All of the membership interests in IASIS are pledged to our lenders as security for our obligations under our Senior Secured Credit Facilities. In the event of a default under our Senior Secured Credit Facilities, our lenders would have the right to foreclose on such membership interests, which would result in a change of control of our company.

 

Item 13. Certain Relationships and Related Transactions, and Director Independence.

IASIS Investment Limited Liability Company Operating Agreement

The TPG Funds are party to a limited liability company operating agreement of IASIS Investment with Trimaran and JLL. The TPG Funds, JLL and Trimaran hold approximately 74.4%, 18.8% and 6.8%, respectively, of the equity interests of IASIS Investment. TPG IASIS IV is the managing member of IASIS Investment.

The board of directors has not made a determination as to whether each director is “independent” because all of the members of our board have been appointed by our equity sponsors. Pursuant to the limited liability company operating agreement of IASIS Investment, JLL is entitled to nominate two directors to the IAS board of directors. The TPG Funds are entitled to nominate the remaining directors. Messrs. Levy and Lightcap serve on the IAS board of directors as designees of JLL. The remaining directors serve as designees of the TPG Funds. The right of JLL to nominate two directors is subject to its ownership percentage in IASIS Investment remaining at or above 9.4%. In the event JLL’s ownership percentage in IASIS Investment falls below 9.4%, but is at least 4.7%, JLL will have the right to nominate one director.
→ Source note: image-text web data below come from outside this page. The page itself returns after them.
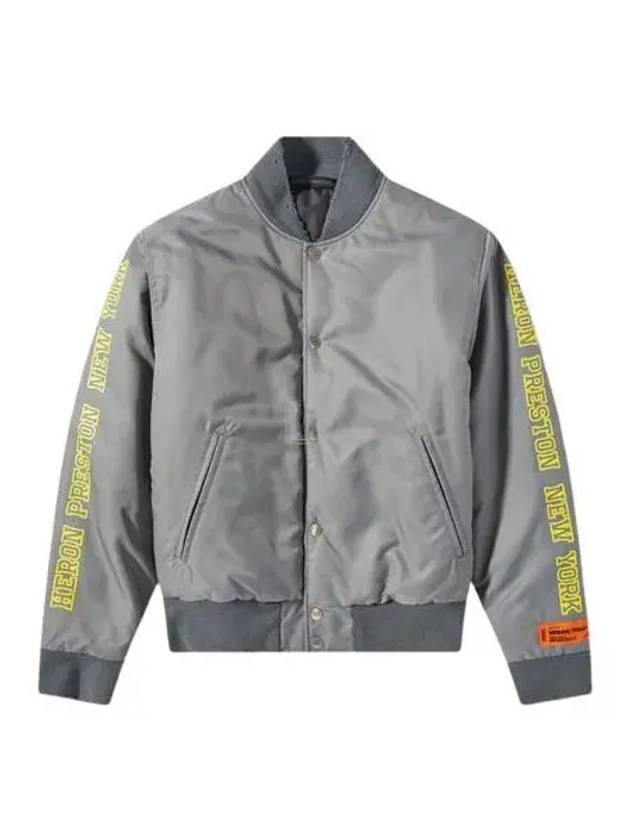 Sponsor Nylon Varsity Bomber Jacket Grey - HERON PRESTON - BALAAN 2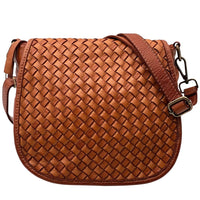 Velisia Woven Cow Leather Saddle Bag - Leather Italiano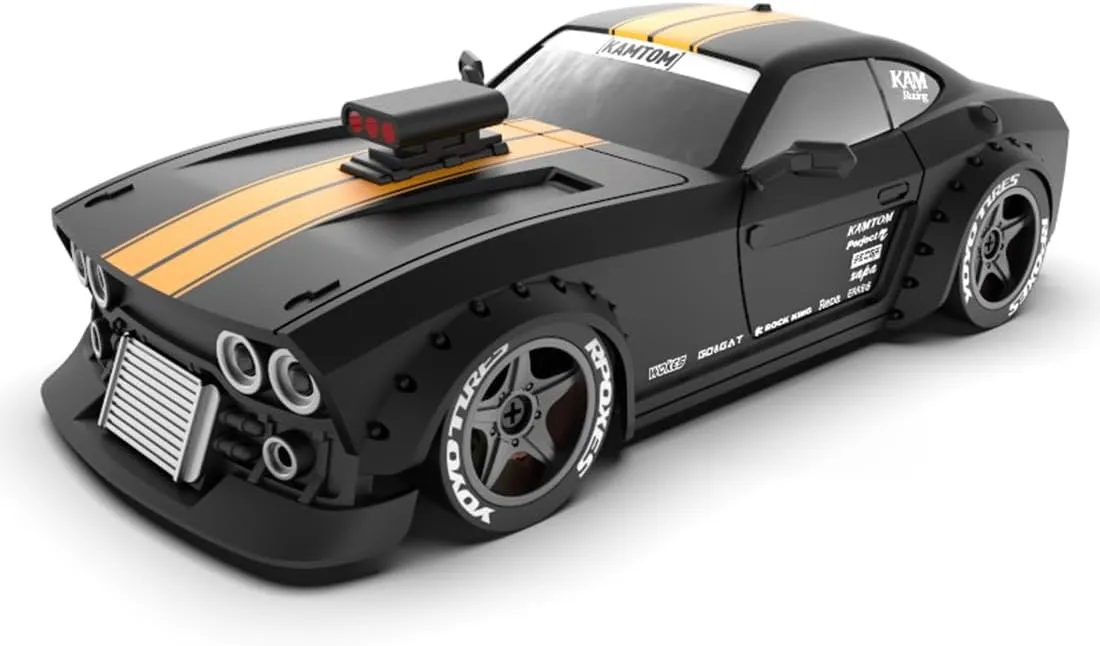 1/32 Mini RC 30KM/H Gyro Drift Car, 2.4G 4WD RC Drift Car with LED Headlights, High Speed Electric Racing Sports Car, Indoor Remote Control Toys Gift (RTR Version)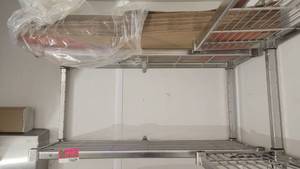 lot 14609 image: Amco Stainless-Steel 2-Tier Wall Mount Shelving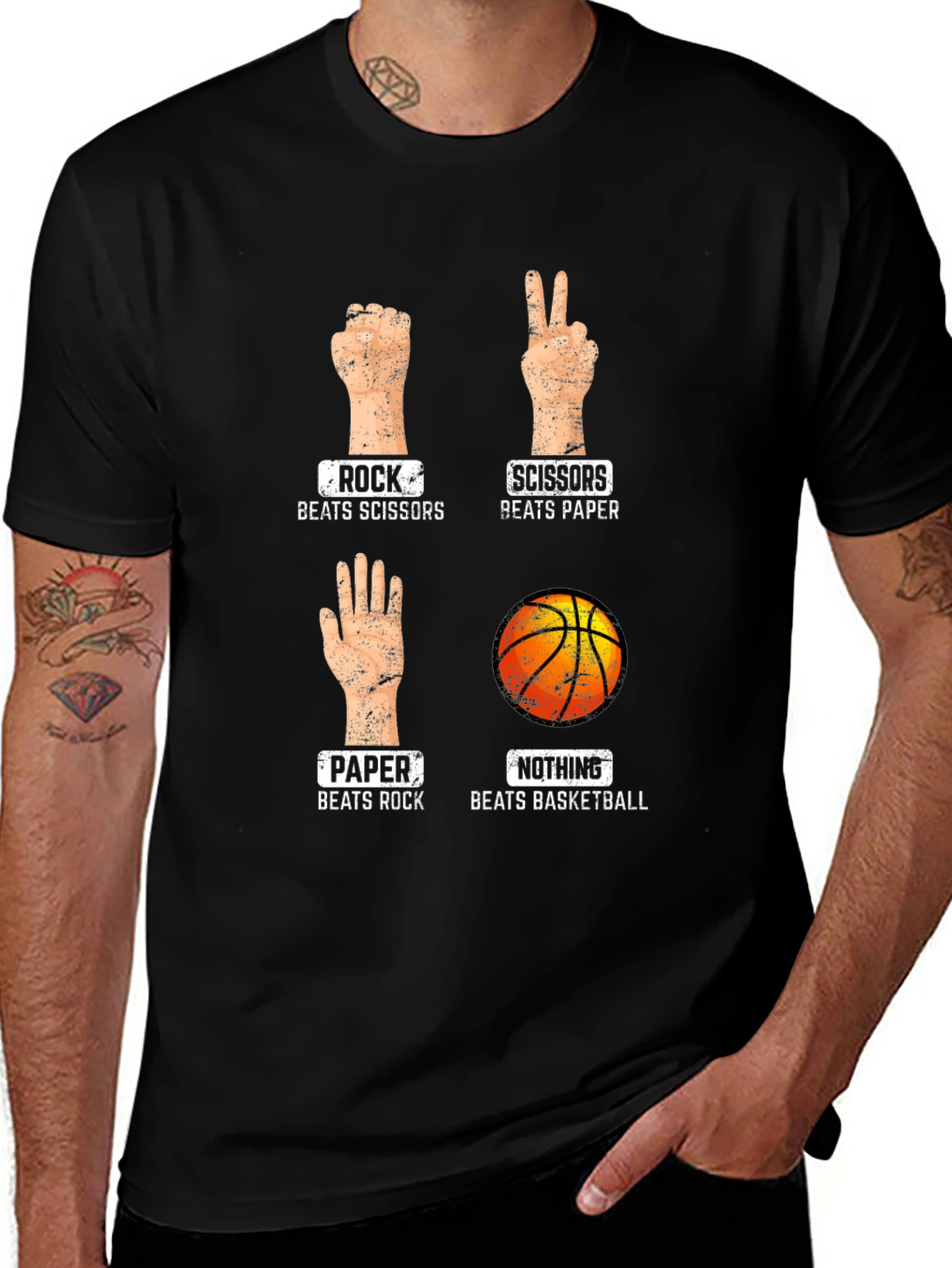 Rock Paper Scissors Basketball Mens T-Shirt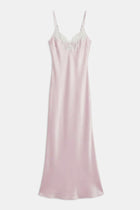 Satin Lace Detail Camisole Maxi Dress - Blush/White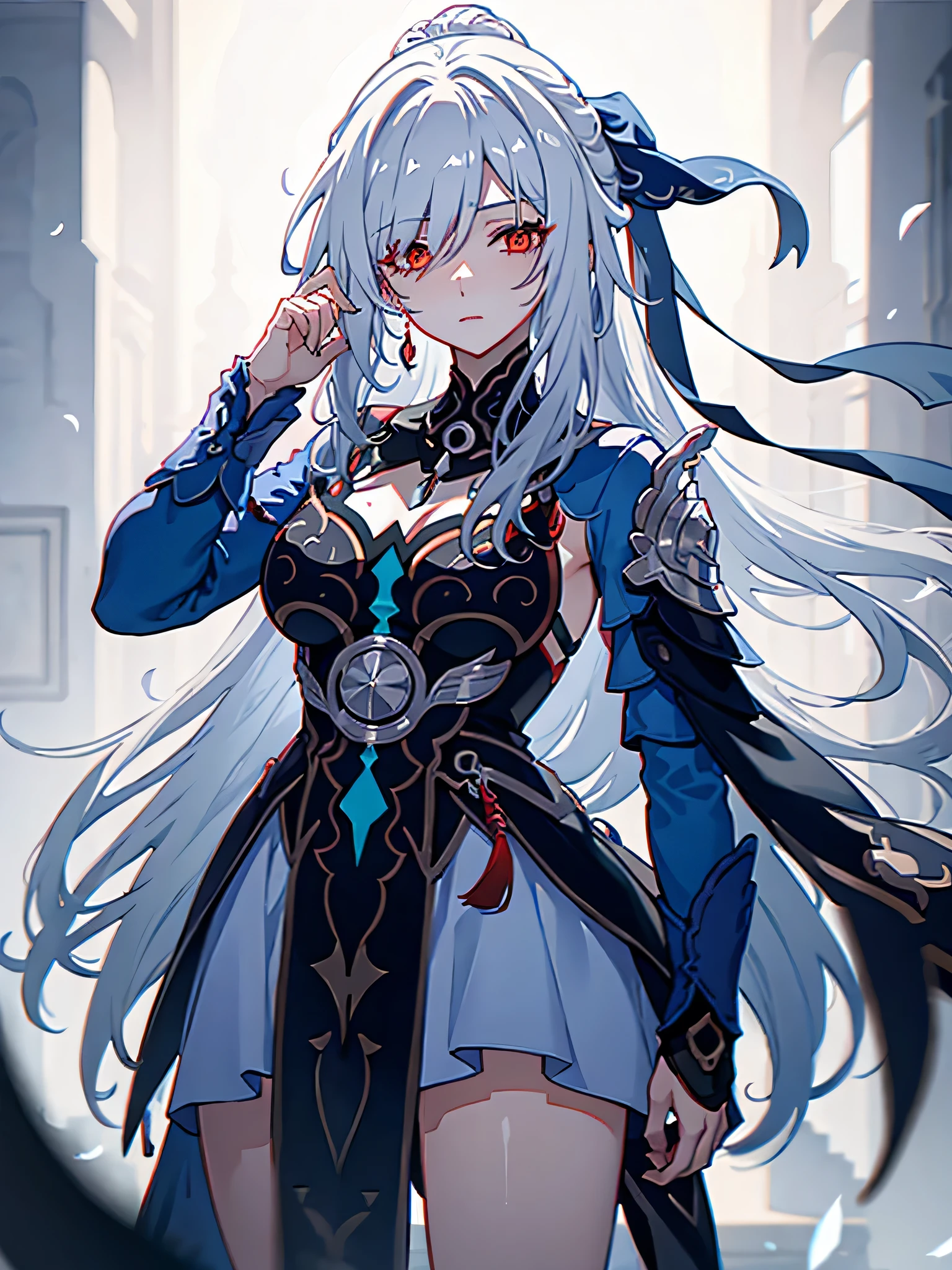 1girl, long white hair, red eyes, official art, unity 8k wallpaper, ultra detailed, beautiful and aesthetic, beautiful, masterpiece, best quality,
If JLL’s ownership percentage falls below 4.7%, it will not have the right to nominate any directors. The agreement also places certain restrictions on the transfer of membership interests in IASIS Investment. JLL and Trimaran have the right to participate in certain dispositions by the TPG Funds and can be required to participate on the same terms in any sale by the TPG Funds in excess of a specified percentage of its collective interest.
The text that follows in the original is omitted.